У меня была хорошая должность, приличный доход, а за плечами — множество городов, где я побывала благодаря работе. В выходные гуляла с подругами — то в театре, то на пикниках, то в поездках за город. Всё шло своим чередом, пока родные не начали приставать: «Когда же замуж выйдешь?», «А нам когда внуков порадовать?», «Время-то идёт…».
Да и подруги, словно сговорившись, одна за другой стали обзаводиться семьями. Ещё недавно мы все грезили о свободе, а теперь они кашу варят да пелёнки стирают. А я осталась одна.
На службе ко мне уже давно присматривался коллега — Владимир. Вежливый, обходительный, с приятной внешностью, чуть постарше меня. Вот только никогда не был женат. И это настораживало. Мужчина под сорок, а всё холост — разве не странно?
Но Владимир уверял, что вовсе не избегал брака. Наоборот — мечтал о детях, о тёплом доме. Просто, мол, не встречал ту единственную.
Когда он в очередной раз пригласил меня в трактир, я подумала — а почему бы и нет? Всё сходится: и симпатия есть, и общение приятное, и человек надёжный. И я согласилась. А через несколько месяцев мы обвенчались.
Свадьба была скромной, но душевной. И сразу после неё я поняла, почему до меня никто не смог «приручить» Владимира.
Причина — его матушка.
А вернее — его слепая к ней привязанность. Этот, казалось бы, взрослый мужчина на поверку оказался типичным маменькиным сынком.
Сначала мы жили в её квартире в самом сердце Москвы. И она, мягко говоря, не давала нам жизни. Без её одобрения не решалось ничего — ни цвет скатерти, ни блюдо на ужин. Каждый шаг — под присмотром. А Володя? Он покорялся. Он слушался. Боялся её расстроить даже взглядом.
Когда я пыталась завести разговор о своём жилье, он отмалчивался, переводил тему. Лишь после долгих уговоров мы взяли ссуду и переехали в новую квартиру.
Но увы — расстояние не принесло свободы.
Владимир продолжал жить по указке матери. По воскресеньям — к ней на пироги. Каждое его действие сопровождалось вопросом: «Матушка, как ты думаешь?..» Даже гвоздь в стену не вбивал, пока она не одобрит. Даже цветы мне дарил лишь тогда, когда она напоминала, что жену надо баловать.
Сначала я закрывала на это глаза. Особенно когда наши дети были маленькими, и я временно оставила службу.
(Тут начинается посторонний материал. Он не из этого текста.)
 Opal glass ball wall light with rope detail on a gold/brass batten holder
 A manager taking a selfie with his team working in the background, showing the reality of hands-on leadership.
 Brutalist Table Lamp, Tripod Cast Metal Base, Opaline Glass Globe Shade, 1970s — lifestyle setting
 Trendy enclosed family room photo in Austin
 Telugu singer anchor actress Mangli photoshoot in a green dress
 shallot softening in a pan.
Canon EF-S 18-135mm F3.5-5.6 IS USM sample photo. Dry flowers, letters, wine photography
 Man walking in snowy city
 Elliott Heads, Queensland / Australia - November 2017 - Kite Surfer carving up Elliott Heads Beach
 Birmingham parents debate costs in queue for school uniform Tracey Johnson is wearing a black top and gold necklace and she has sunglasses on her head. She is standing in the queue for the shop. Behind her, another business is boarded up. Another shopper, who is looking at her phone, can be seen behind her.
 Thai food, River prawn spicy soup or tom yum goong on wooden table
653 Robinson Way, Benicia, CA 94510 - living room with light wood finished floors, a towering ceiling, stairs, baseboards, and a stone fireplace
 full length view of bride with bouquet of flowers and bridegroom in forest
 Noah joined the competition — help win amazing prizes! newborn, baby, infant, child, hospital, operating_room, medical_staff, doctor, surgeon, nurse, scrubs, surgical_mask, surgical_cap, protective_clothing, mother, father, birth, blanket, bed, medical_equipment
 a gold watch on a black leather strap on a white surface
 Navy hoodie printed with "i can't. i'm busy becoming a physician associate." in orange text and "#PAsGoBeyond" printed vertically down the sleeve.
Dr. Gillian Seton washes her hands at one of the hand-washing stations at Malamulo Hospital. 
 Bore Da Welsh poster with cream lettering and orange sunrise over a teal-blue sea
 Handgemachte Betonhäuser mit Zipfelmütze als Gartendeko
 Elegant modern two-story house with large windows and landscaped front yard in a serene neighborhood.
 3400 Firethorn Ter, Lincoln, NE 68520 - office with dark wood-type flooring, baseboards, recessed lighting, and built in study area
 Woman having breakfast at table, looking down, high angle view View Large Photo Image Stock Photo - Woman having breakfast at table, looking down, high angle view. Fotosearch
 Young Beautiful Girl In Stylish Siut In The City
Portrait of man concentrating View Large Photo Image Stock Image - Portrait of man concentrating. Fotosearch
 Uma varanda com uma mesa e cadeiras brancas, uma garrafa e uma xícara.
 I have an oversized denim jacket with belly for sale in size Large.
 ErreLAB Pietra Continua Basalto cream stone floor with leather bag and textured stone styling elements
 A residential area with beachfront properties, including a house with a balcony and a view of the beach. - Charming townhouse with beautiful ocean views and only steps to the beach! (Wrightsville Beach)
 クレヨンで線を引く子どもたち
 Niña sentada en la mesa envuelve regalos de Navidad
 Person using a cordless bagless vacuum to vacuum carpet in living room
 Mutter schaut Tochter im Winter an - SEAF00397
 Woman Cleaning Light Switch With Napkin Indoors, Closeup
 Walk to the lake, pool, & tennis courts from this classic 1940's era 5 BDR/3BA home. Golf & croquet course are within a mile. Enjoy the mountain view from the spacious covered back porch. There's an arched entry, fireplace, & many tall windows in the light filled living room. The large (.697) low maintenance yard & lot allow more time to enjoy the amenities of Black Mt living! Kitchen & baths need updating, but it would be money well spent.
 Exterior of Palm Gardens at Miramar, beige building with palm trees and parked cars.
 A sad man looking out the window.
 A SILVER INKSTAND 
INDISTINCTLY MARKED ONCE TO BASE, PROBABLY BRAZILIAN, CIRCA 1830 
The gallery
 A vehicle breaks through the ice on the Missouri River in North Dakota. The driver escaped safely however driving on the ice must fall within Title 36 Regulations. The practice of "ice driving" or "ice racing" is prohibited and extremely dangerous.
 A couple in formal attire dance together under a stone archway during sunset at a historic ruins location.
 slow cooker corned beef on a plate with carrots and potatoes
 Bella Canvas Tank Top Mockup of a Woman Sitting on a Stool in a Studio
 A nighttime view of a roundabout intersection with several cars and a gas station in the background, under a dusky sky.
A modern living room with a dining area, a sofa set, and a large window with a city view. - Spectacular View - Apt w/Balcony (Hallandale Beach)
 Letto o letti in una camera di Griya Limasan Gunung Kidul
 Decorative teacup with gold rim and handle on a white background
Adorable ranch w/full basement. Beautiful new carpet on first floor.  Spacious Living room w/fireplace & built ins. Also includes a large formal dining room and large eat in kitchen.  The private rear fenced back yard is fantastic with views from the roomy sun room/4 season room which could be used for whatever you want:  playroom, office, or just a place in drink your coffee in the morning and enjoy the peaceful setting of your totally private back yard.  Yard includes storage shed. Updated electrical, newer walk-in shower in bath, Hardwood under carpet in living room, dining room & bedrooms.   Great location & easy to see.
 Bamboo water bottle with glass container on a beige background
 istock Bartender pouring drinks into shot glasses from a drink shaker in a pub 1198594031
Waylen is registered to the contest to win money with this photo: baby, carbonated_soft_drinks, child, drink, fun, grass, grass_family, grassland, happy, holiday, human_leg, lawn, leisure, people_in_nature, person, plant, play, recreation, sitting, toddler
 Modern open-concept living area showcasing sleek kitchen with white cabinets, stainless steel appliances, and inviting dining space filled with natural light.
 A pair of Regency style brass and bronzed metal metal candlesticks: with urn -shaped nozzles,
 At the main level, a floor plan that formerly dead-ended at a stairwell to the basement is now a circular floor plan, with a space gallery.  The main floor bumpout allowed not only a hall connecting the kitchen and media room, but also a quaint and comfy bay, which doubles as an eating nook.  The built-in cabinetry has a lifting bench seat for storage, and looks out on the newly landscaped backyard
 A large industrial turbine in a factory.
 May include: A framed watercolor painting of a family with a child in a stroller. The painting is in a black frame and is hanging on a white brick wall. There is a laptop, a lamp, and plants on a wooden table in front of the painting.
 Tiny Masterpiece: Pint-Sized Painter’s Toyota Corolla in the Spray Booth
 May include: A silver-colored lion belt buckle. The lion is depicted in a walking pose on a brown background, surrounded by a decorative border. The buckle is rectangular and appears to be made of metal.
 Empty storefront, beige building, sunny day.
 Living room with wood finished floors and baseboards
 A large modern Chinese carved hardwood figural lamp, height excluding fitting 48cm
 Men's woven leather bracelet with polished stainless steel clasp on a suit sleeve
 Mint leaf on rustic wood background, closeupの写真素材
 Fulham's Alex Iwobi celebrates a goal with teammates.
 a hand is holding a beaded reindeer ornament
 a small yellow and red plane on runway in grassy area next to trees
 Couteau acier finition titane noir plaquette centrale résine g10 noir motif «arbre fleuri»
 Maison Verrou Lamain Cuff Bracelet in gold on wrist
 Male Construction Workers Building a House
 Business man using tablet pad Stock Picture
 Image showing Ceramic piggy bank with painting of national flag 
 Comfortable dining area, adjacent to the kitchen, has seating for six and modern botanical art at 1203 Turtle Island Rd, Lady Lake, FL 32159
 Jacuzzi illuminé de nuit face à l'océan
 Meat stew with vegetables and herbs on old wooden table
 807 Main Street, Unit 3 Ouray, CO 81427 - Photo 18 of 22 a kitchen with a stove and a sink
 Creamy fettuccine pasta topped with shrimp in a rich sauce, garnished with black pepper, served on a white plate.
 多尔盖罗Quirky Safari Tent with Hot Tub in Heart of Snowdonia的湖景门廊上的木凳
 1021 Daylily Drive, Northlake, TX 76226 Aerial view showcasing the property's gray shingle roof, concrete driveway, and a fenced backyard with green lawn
Он ведь старался, зарабатывал, а мать для него — святое.
Но шли годы. Я вернулась к работе, к своим делам. И всё чаще ловила себя на мысли, что мне тяжело рядом с человеком, который не может шагу ступить без материнского благословения.
Уставала не от труда, а от этих бесконечных: «матушка велела», «матушка советует», «матушка не одобряет…». Она стала лишней в нашем союзе.
Я снова обрела независимость. Могла сама содержать себя и детей. И всё яснее понимала — Владимир не муж. Он словно ещё один ребёнок. Только не милый малыш, а упрямый, незрелый взрослый, приросший к материнской юбке.
И теперь передо мной выбор. Держаться за семью ради детей, делать вид, что всё хорошо? Или сохранить покой в душе и уйти?
Подруги, кто бывал в таком положении — подскажите. Что выбрали вы? Стоит ли бороться за брак, если сердце супруга давно принадлежит другой женщине — пусть даже родительнице?